Avec une svartisen il n'y a pas de souci dans ce cas. On pourra aussi dire qu'il n'y a pas de problème avec une fix à pivot de rando dans ce cas. L'inconvénient des fix à pivot c'est qu'elles suppriment l'intérêt dans les déplacements du déroulé naturel du pied (perte d'efficacité des écailles, et démarche non naturelle).
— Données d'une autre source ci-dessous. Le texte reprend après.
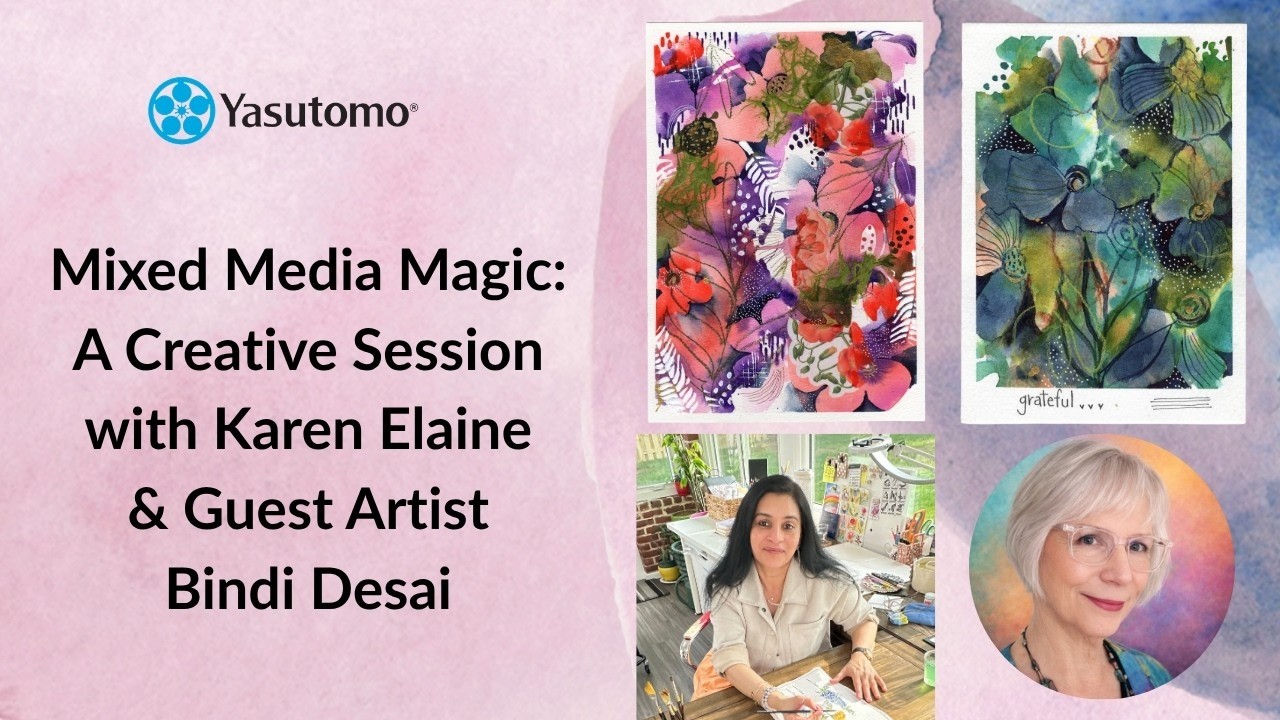 Mixed Media Magic: a Creative Session with guest Artist Bindi Desai & Karen Elaine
Quand la pente est faible on ne déverrouille pas le pivot, mais on est contraint de subir le câble en permanence, comme avec les fix de type chili: cela implique une vraie perte de liberté de mouvement que je ne suis personnellement pas prêt à concéder ni pour moi ni pour mes clients, et accessoirement c'est une belle source d'ampoule.

Pour moi la T4 est une bonne pompe pour quelqu'un qui ne cherche que la pente, sans chercher à prendre un minimum de temps pour apprivoiser la liberté du cuir.
Modifié il y a 5 ans
essaie JW, ne vois pas pourquoi cela se décollerait bien plus, ça fera une paire qui gardera une accroche suffisante dans bien des cas (pente et qualité de neige) et qui gardera une bonne glisse. Le seul gros bémol de cette paire sera sans doute pour tracter une pulka en montée.